Reading a photograph
What is the first thing you do when you look at a photograph? Does your eye/brain go into auto-pilot and scan the image in a particular manner conditioned by your knowledge and experience, or do you have a structured approach to analysing what is in front of you? To be honest, I don’t think I adopt either of these approaches. My decision on whether I like a photograph (or not), is usually a very quick process based on first impressions.
I am not one for reading things into an image. I don’t tend to look for tentative links or things that maybe help justify my like/don’t-like decision. I can look at a photo and right away make up my mind as to whether it is in MY opinion a hit or a miss. I don’t understand the forensic analysis that some people employ saying “I can see a connection with X & Y”, “I love the way you have done this or made that happen”. I remember all this from camera club judges and often sat wondering “Am I looking at the same photograph as him?”. In photography there seems to be a constant need to review and critique other peoples photographs, but you can be sure that for everyone that provides a critique, there will be someone else that disagrees and will have a different opinion altogether. We cannot get away from critique and comment in the photography world so we should all be prepared to take a few harsh comments as well as the compliments. I never take critique as personal but on the other hand I believe in saying things the way they are when asked to comment on someone else’s work. Looking for nice things to say is not the point of constructive critique.
Don’t get me wrong, I’m not saying that I am a great judge of photographs or that my interpretation of a photograph has to be heeded by everyone else. I am just saying that I don’t tend to over-analyse, I just get a gut feel based on my set of preferences and experience, within the first few seconds of looking at a photograph without over-analysing it.
Those who know more about this stuff tells us that when we look at a photograph we mainly consider three things.
CONTEXT: This is the thing or main subject of the photograph.
FORM: This is the fundamental rhythm or balance of the image, repetitions, composition etc.
TECHNIQUE: This is how well the image has been captured, exposure, focus etc., how well post processing has been accomplished.
The finished photograph should, at its basic level, be a technically accurate representation of what the photographer saw. The photographer inserts his/herself between the subject and the viewer. The viewer then has to remember that what they are looking at is a photograph of the subject, not the actual subject in itself.

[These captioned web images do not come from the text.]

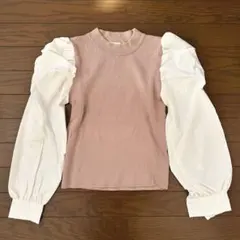 INGNI 異素材ニットトップス ベージュ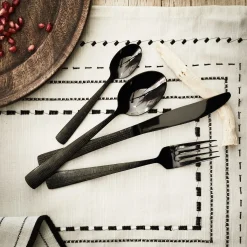 Ménagère 16 pièces en inox noir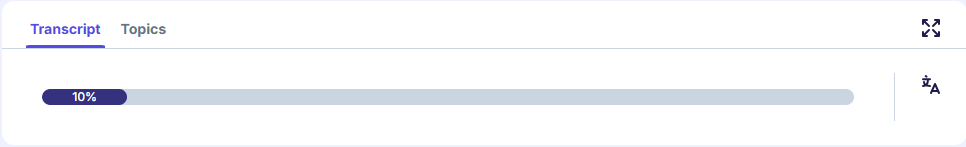 Progression de la traduction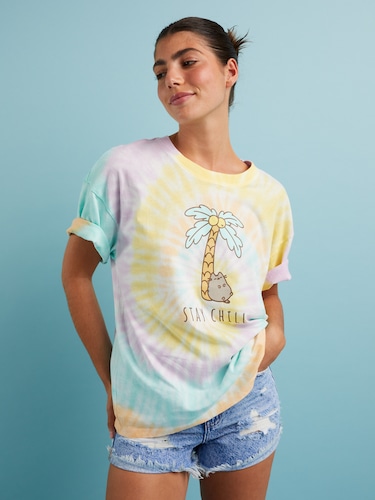 Pusheen Stay Chill Tie Dye Tee                                                                                                  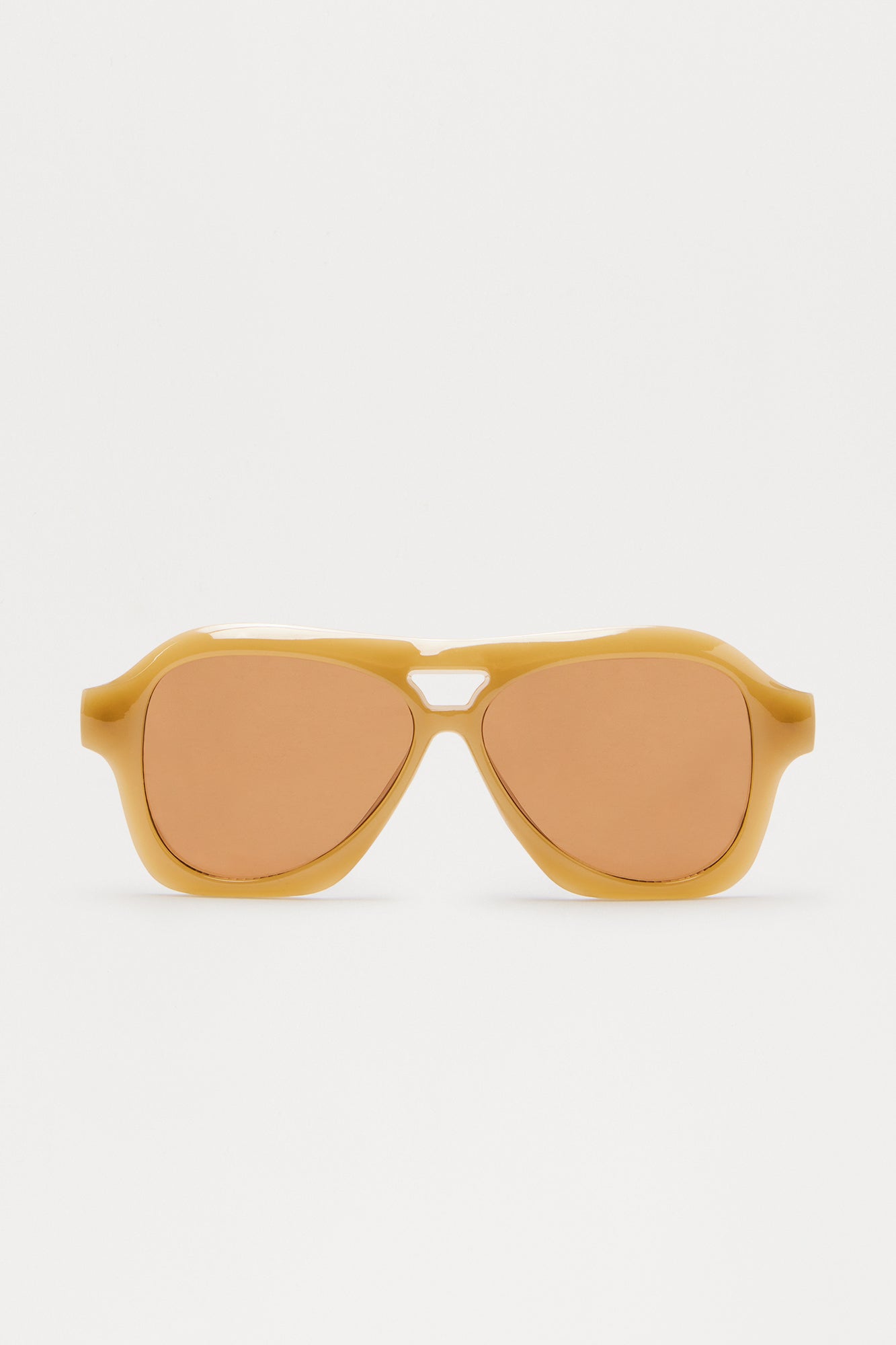 Round Lines Sunglasses - Brown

To me the context is a key element in any photograph. It is usually why the photograph was taken in the first place. In street/documentary photography this is the one thing that drives me to do what I do. It also determines what I like and don’t like in photography as an art form. I loathe pretentious images that are supposed to be deep thought representations of something, though this is often only in the creating photographers mind. You know the sort of thing, someone in a wedding dress standing in a bath of baked beans, wearing a welders helmet and holding up a fish! The technique may be great but the whole context just fries my brain and I walk on. It is photography but not as I like it.
On the other hand if we consider a child standing barefoot in a field the context becomes important. Is the child posing as a model for the photographer or is she a refugee trying to find her family?. That is why in street/documentary photography the context speaks to me way before any arty pretentious rubbish. When it comes to form in street/documentary photography I feel that if you can nail the context and also pull off a good composition in the finished image it is a bonus over necessity. Many street photography images however can concentrate on form over context to show some form of shape or light/shade representation and have no real subject matter to form context at all. I don’t tend to linger long on these either. Nice to look at maybe but with lack of context they don’t tend to hold my attention.